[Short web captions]
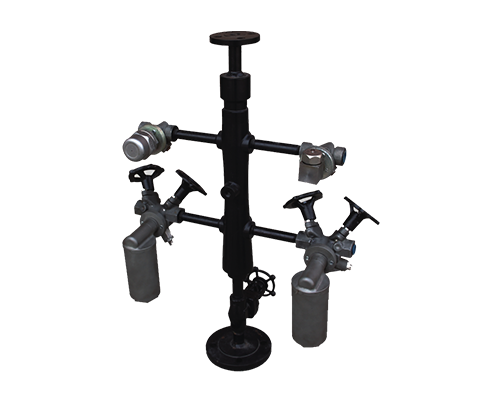 管束疏水阀站 管束疏水阀站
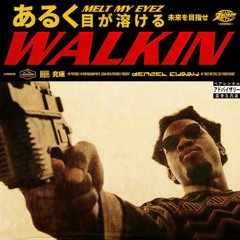 Denzel Curry - Walkin slowed&reverb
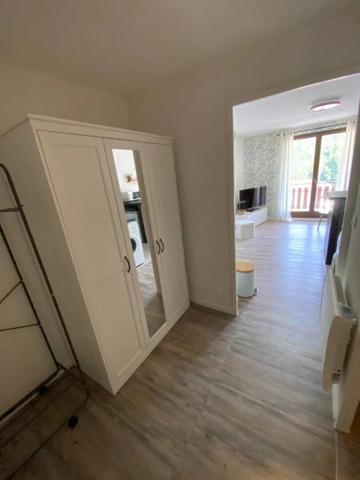 Appartement à louer à Jougne (25370)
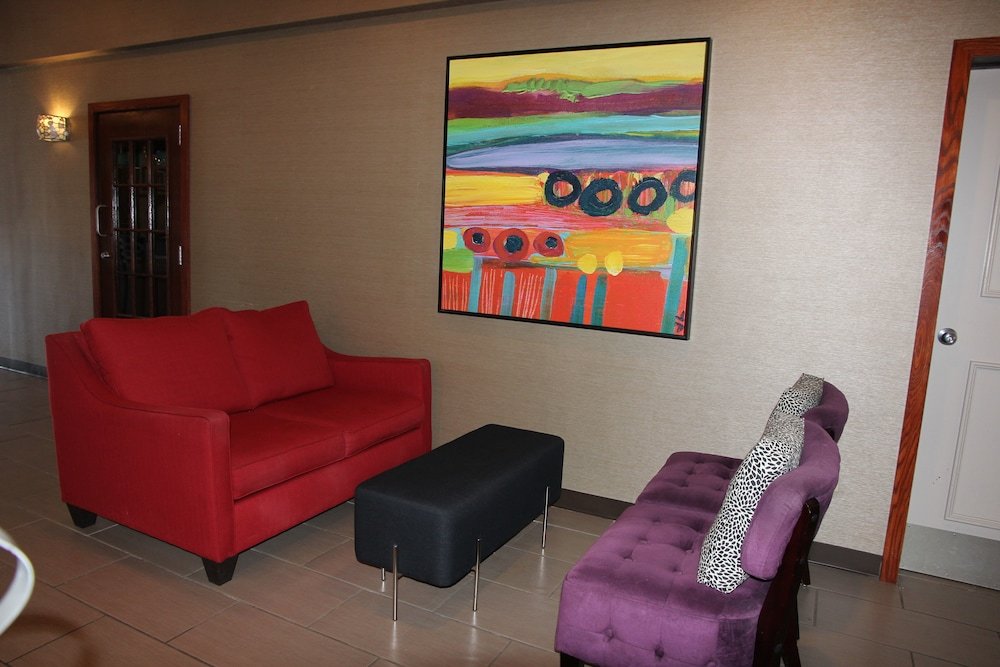 Фото Best Western Kirkwood Inn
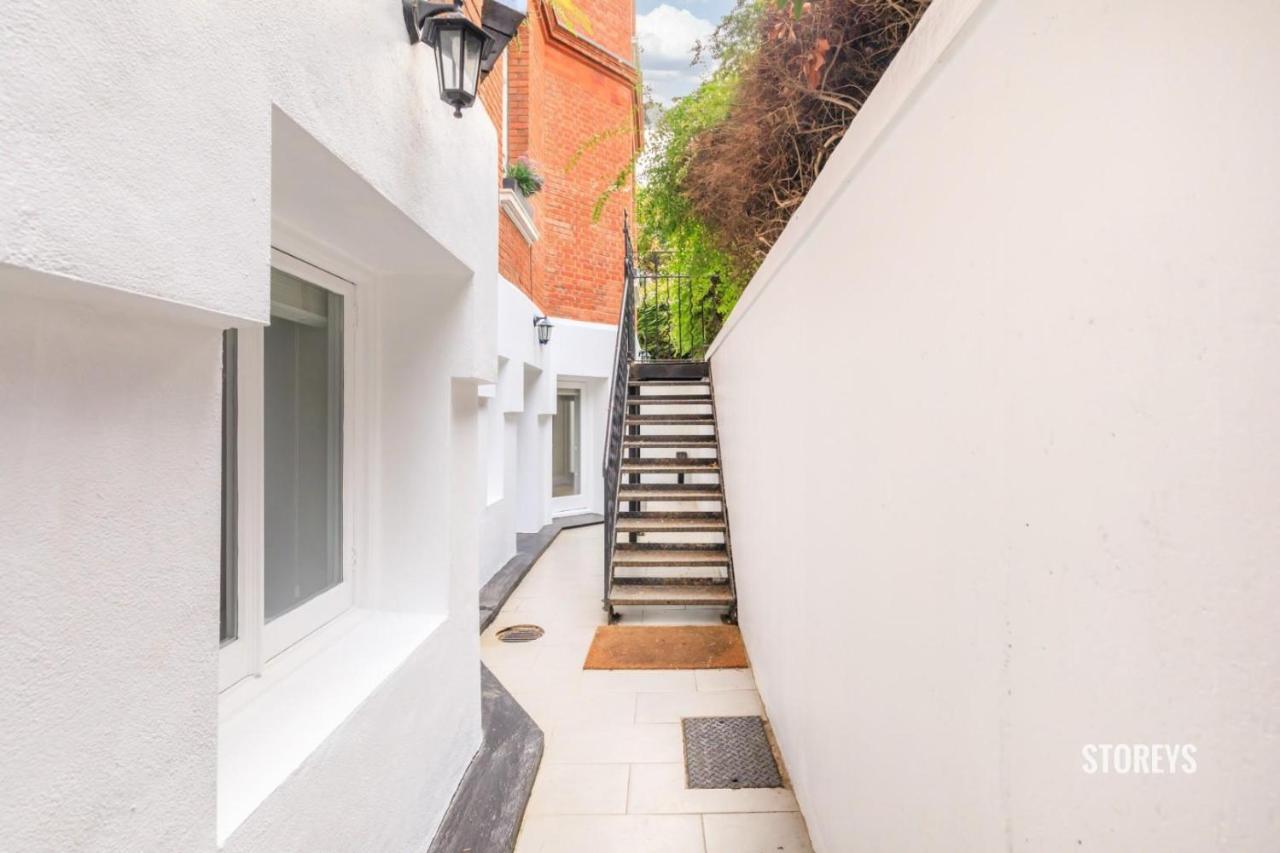 Leilighet Ultra Massive House By Hyde Park London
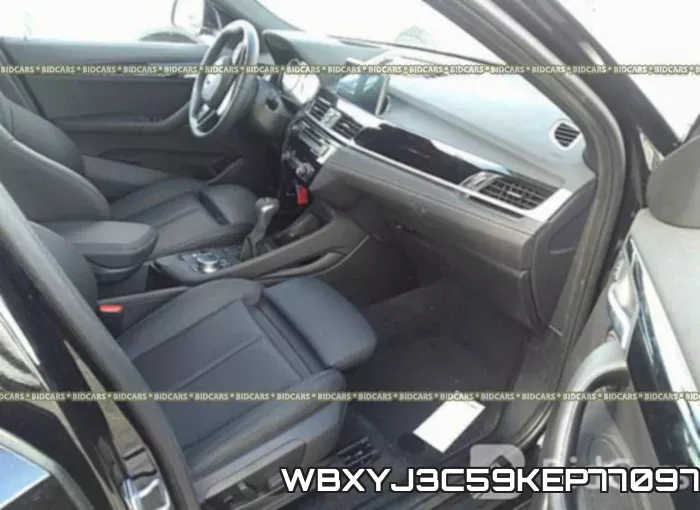 WBXYJ3C59KEP77097 фото 6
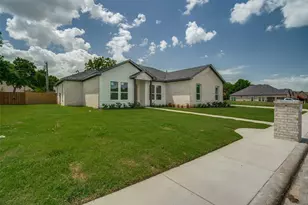 2013 Bois D' Arc Dr, Bonham, TX 75418 - Photo 30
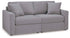 Modmax - Sectional - Granite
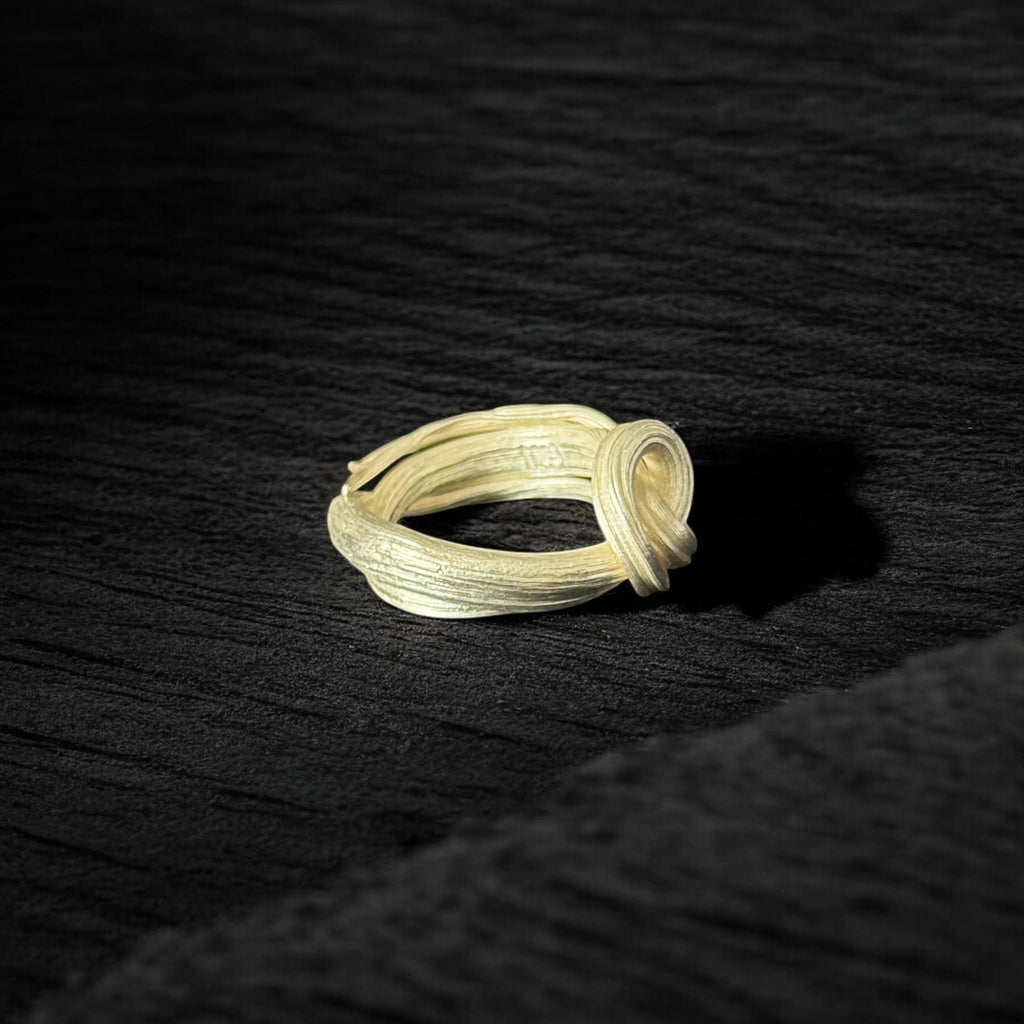 Anillo Izena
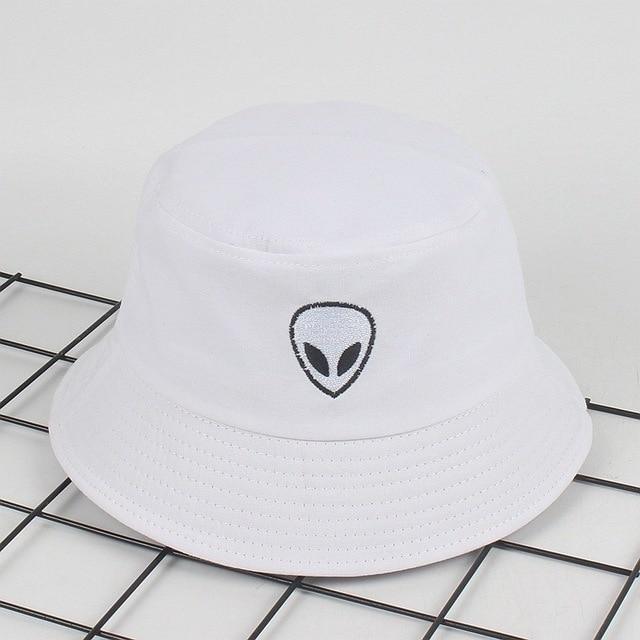 Alien Hat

* [ASSIGNED TASK]: Wherever an image appears, omit it; copy the rest of the records exactly.

* [THE COMPLETED TASK]:
 管束疏水阀站 管束疏水阀站
 Denzel Curry - Walkin slowed&reverb
 Appartement à louer à Jougne (25370)
 Фото Best Western Kirkwood Inn
 Leilighet Ultra Massive House By Hyde Park London
 WBXYJ3C59KEP77097 фото 6
 2013 Bois D' Arc Dr, Bonham, TX 75418 - Photo 30
 Modmax - Sectional - Granite
 Anillo Izena
 Alien Hat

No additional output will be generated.